Assuming AGI in a relevant time span, there are two ways in which humanity can decrease x-risk to acceptable levels: 1) AI alignment, consisting both of technical AI safety and reasonable values alignment, and 2) AGI postponement until 1 can be achieved with sufficient existential safety (this may be anywhere between soon and never).

Since it is unsure whether we can achieve 1 at all, and also whether we can achieve it in time assuming we can achieve it in principle, we should aim to achieve 2 as well. The main reason is that this could lead to a significant reduction of total existential risk if successful, and we don’t know much about how hard it is, so it could well be worthwhile. Companies and academics are both not incentivized to postpone limited AGI development in accordance with the precautionary principle. Therefore, I think we need a different body calling for this, and I think states make sense. As a positive side effect, pressure from possible postponement on companies and academia would incentivize them to invest significantly more in alignment, thereby again reducing existential risk.

Daniel disagreed with me mostly because of three reasons. I obtained two more counterarguments from the discussions below and elsewhere. The following so far appears to be a reasonably complete list of counterarguments.

  1. Calling for AGI postponement until safety has been achieved, he thinks, would alienate the AI community from the AI safety community and that would hurt the chances of achieving AI safety.

  2. It would be rather difficult (or extremely difficult, or impossible) to get useful regulations passed, because influencing governments is generally hard and influencing them in the right ways is even harder.
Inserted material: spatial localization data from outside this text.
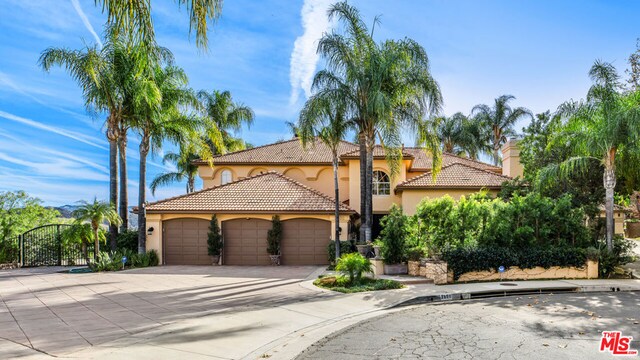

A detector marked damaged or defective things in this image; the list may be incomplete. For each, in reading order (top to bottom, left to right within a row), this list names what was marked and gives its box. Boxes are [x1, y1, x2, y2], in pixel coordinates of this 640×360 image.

cracked pavement [296, 292, 640, 360]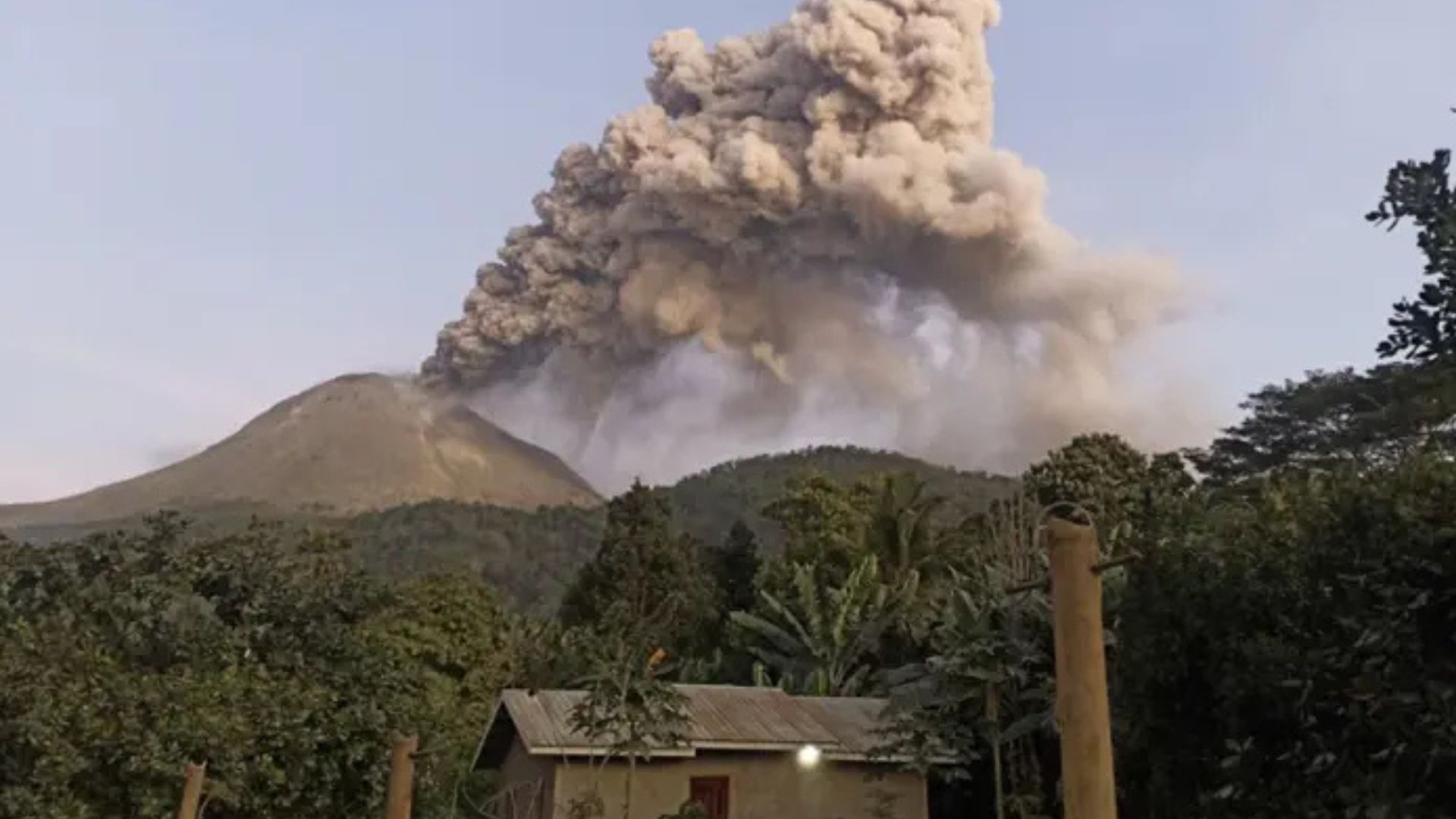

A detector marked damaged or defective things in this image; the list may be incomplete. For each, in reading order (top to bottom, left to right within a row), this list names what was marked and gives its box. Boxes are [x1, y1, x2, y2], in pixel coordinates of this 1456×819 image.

rusty metal roof [472, 679, 896, 763]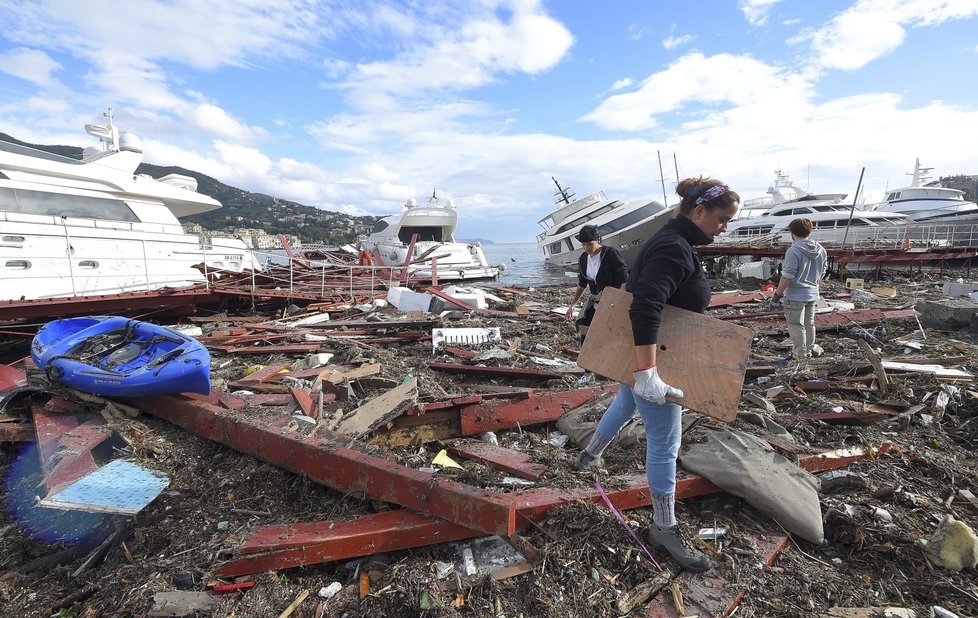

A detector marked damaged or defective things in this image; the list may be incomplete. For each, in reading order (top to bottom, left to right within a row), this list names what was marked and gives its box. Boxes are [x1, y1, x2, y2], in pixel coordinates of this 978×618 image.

splintered plank [428, 360, 564, 380]
splintered plank [576, 286, 752, 422]
broken wooden plank [576, 286, 752, 422]
splintered plank [334, 378, 418, 436]
broken wooden plank [334, 378, 418, 436]
splintered plank [458, 384, 608, 434]
broken wooden plank [450, 440, 548, 478]
splintered plank [450, 438, 548, 482]
splintered plank [220, 508, 480, 576]
splintered plank [644, 532, 788, 612]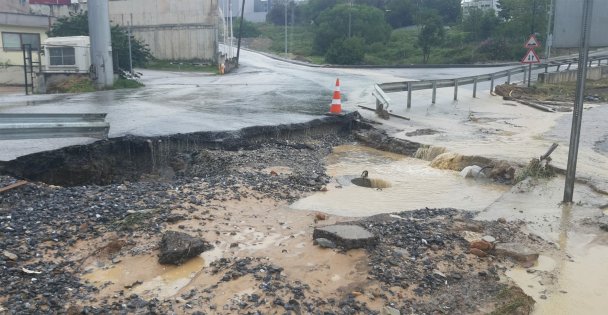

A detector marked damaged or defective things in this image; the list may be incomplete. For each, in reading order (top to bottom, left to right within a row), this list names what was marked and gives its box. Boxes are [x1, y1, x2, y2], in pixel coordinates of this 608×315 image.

  3. Restricting AGI research while allowing computer hardware progress, other AI progress, etc. to continue should mean that we are making the eventual takeoff faster, by increasing hardware overhang and other kinds of overhang. A faster takeoff is probably more dangerous.

  4. Efficiency: we have a certain amount of labor available for reducing existential risk. Working on AI safety is more efficient than AGI postponement, so let’s focus on AI safety and discard AI postponement.

  5. If we manage to delay only the most safety-abiding parties but not the others, we could hurt safety instead of helping it.

On the first argument, I replied that I think a non-AGI safety group could do this, and therefore not hurt the principally unrelated AGI safety efforts. Such a group could even call for reduction of existential risk in general, further decoupling the two efforts. Also, even if there would be a small adverse effect, I think it would be outweighed by the positive effect of incentivizing corporations and academia into funding more AI safety (since this is now also stimulated by regulation). Daniel said that if this would really be true, which we could establish for example by researching respondents’ behaviour, that could change his mind.

I agree with the second counterargument, but if the gain would be large assuming success (which I think is true), and the effort uncertain (which I think is also true), I think exploring the option makes sense.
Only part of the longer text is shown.